WORK REQUEST: Where the line containing "Sparsamt använda. 🥰" appears in the entries below, begin there and output every line through the last, exactly, minus the pictures.

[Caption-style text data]
----

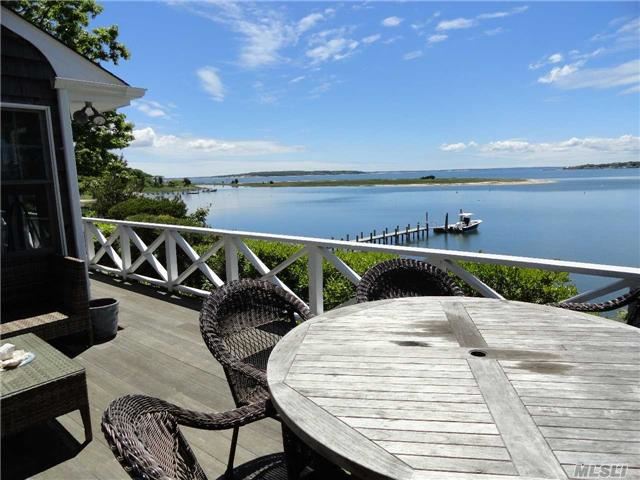 1050 W Cove Rd, Cutchogue, NY 11935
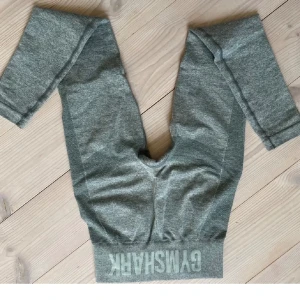 Gymshark  - Super snygga tights som formar rumpan super fint! Sparsamt använda. 🥰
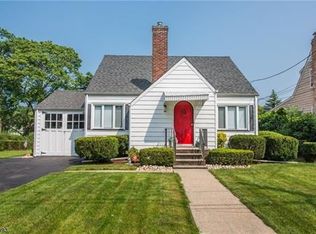 24 Lakeside Dr S, Piscataway, NJ 08854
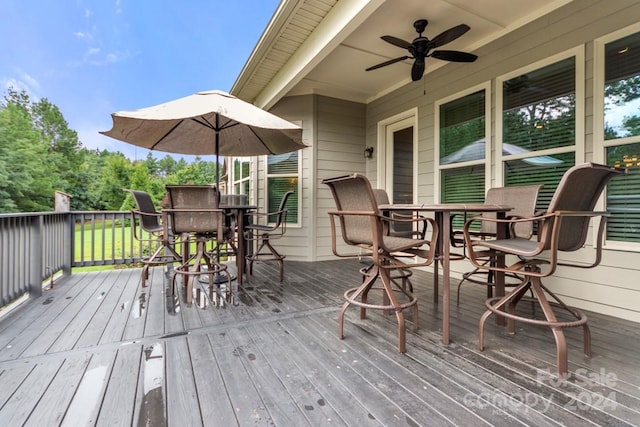 deck featuring ceiling fan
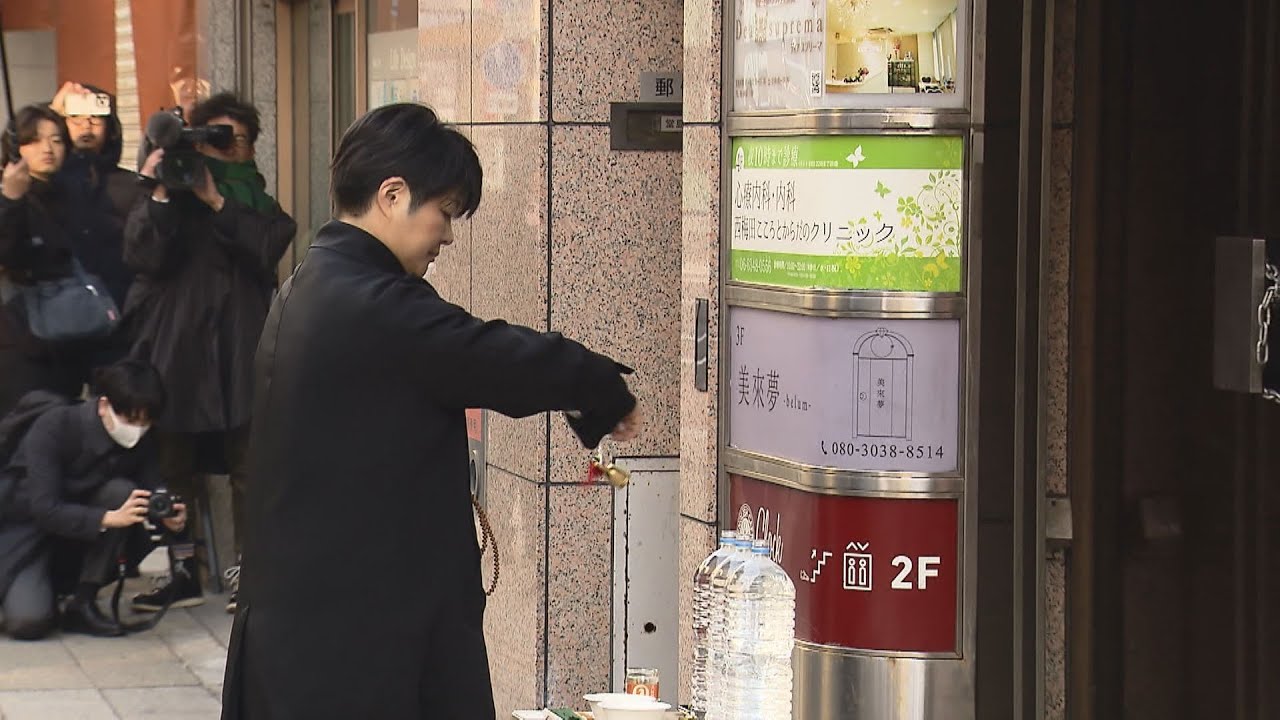 北新地放火殺人から２年　遺族ら現場で祈り　院長の妹・伸子さん「やっと悲しみに向き合えた」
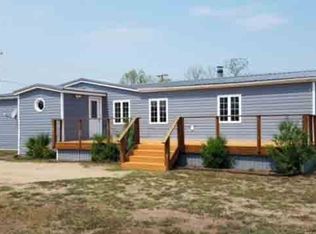 608 3rd St SW, Towner, ND 58788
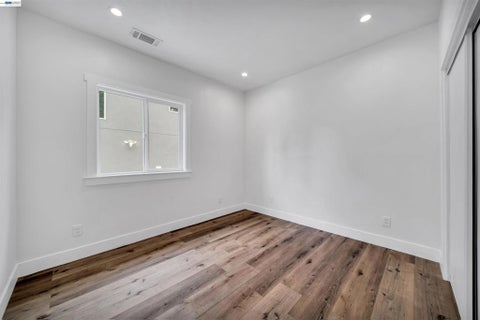 Tiny photo for 3035 Logan St St, Oakland, CA 94601 (MLS # 41151553)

----

RESULT FOR THIS EXERCISE:
 Gymshark  - Super snygga tights som formar rumpan super fint! Sparsamt använda. 🥰
 24 Lakeside Dr S, Piscataway, NJ 08854
 deck featuring ceiling fan
 北新地放火殺人から２年　遺族ら現場で祈り　院長の妹・伸子さん「やっと悲しみに向き合えた」
 608 3rd St SW, Towner, ND 58788
 Tiny photo for 3035 Logan St St, Oakland, CA 94601 (MLS # 41151553)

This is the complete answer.